I see that Clare has put the Conference Call 2007 blog to bed.  As I've said here previously, I consider it to be the very model of what one can do with a conference blog and I think I'm even more impressed with what she did after the meeting than prior to it or during.  For over a month after the close of the meeting, she continued to post regularly, with well thought out summaries, full of links, to many of the sessions and events from the meeting.   Not only was it an excellent way to provide content to those who hadn't been able to attend, it was a great review for those of us who were there and wanted to go back and revisit sessions we'd attended or check sessions we'd missed.   

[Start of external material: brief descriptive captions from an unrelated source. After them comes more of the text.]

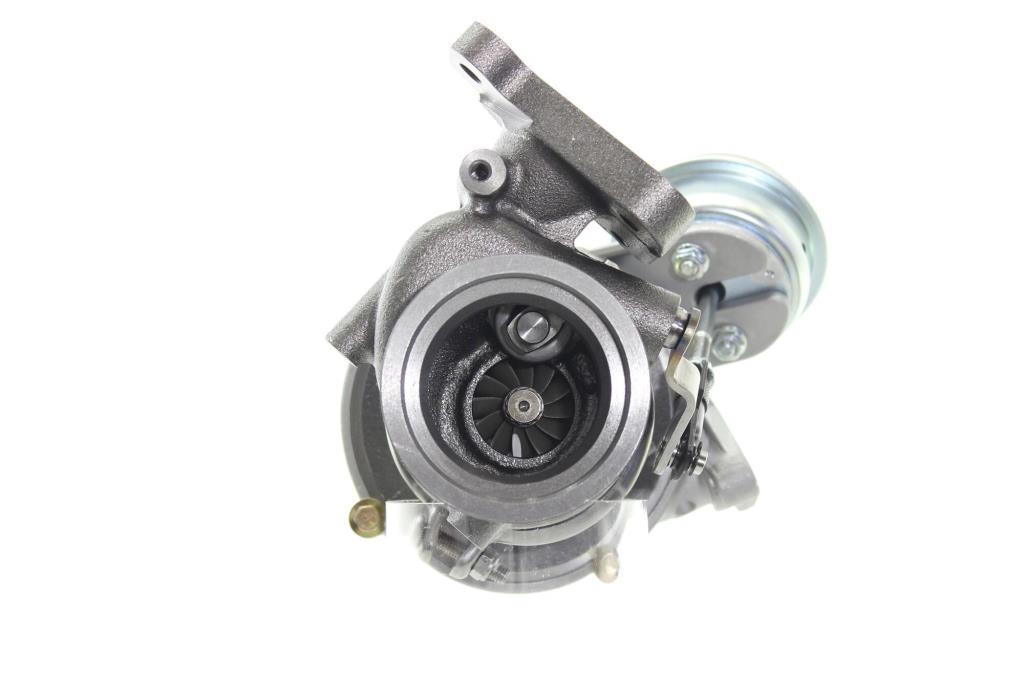 Turbocompresor ALANKO ref. 10901149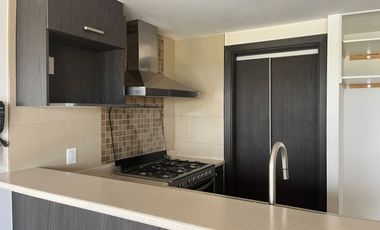 Departamento en Renta – Be Grand Coyoacán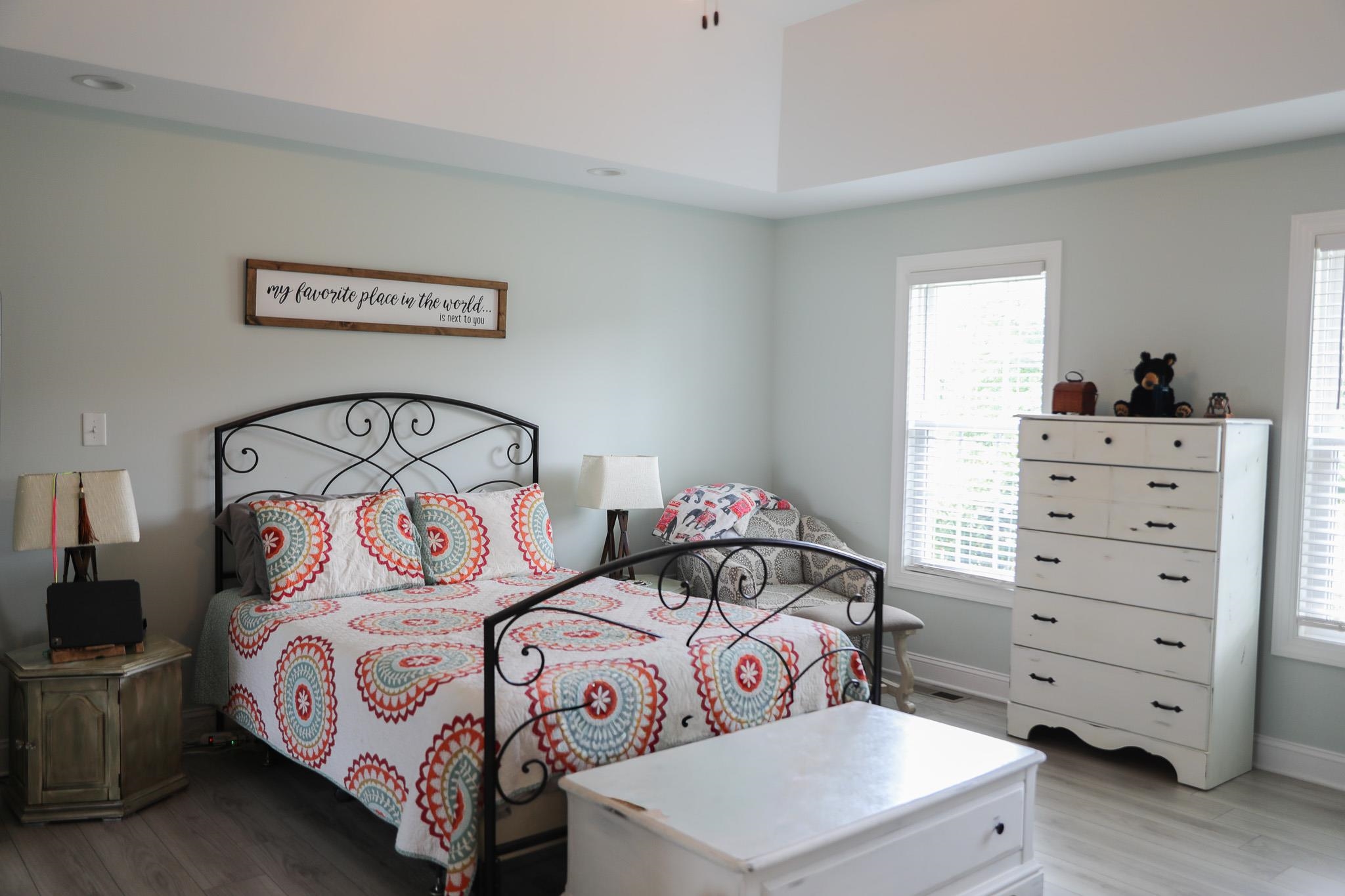 194 KIDDSVILLE RD, FISHERSVILLE, Virginia 22939, 4 Bedrooms Bedrooms, ,2 BathroomsBathrooms,Residential,194 KIDDSVILLE RD,667970 MLS # 667970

I wish that there was something similar for the conferences I've been to over the past couple of weeks.  It was a fluke of the calendar that put the annual Southern Chapter meeting in Charleston the week after the Charleston Conference, which was immediately after the AAMC/AAHSL meeting in DC, but the result was that we spent a full two weeks on the road.  Over the years I've learned that the maximum amount of time that I can comfortably be away from home seems to be twelve nights.  This has been remarkably consistent, whether I've been off on one of my long solo driving trips, or taking an extended business/vacation trip overseas.  I love traveling and I do just fine for the first dozen days, but I wake up after that twelfth night and I just want to be home!  This trip was fourteen nights so I was gritting my teeth getting through the last two days.

This was so even though the content of the Southern Chapter meeting was excellent and of course I was hanging out with friends and colleagues that I've known for many years.  And if one must be stranded somewhere for an extended stretch, one can hardly complain about Charleston being the place. 

I had to pace myself a bit differently on this trip than I usually do when going off to a conference, making sure that I got out for regular walks, making sure to pay better attention to how much sleep I was getting, squeezing in some extra time every day to keep up with email so that I didn't have a pile of stuff to plow through when I got home.  I was still pretty exhausted at the end of it, but when I got back into the office on Monday, I didn't feel terribly disconnected and it didn't take me too long to get back into the swing of things.

I did a better job than I usually do of writing up daily notes.    Maybe it was just luck, but I seem to have attended fewer dud sessions at these three conferences than is my norm, and I got quite a few recommendations for books I want to check out or other resources that I want to follow up on.

In general, I sensed a greater degree of optimism overall among my colleagues.  Maybe it was just luck -- as I mentioned to a number of people, the Charleston Conference is so over-scheduled with concurrent sessions that it would be possible for two people to have extremely different experiences depending on what they chose to go to -- but there seemed to me to be less gnashing of teeth and worrying about the imminent disappearance of libraries and more excitement about the potentials for exciting services and programs than I've seen at conferences in the past few years.  It'd be great if there really has been a bit of tide turning and we can start following the dictum on the benchmarking project buttons that were being handed out in Charleston -- "Quit whining!  Just do it!"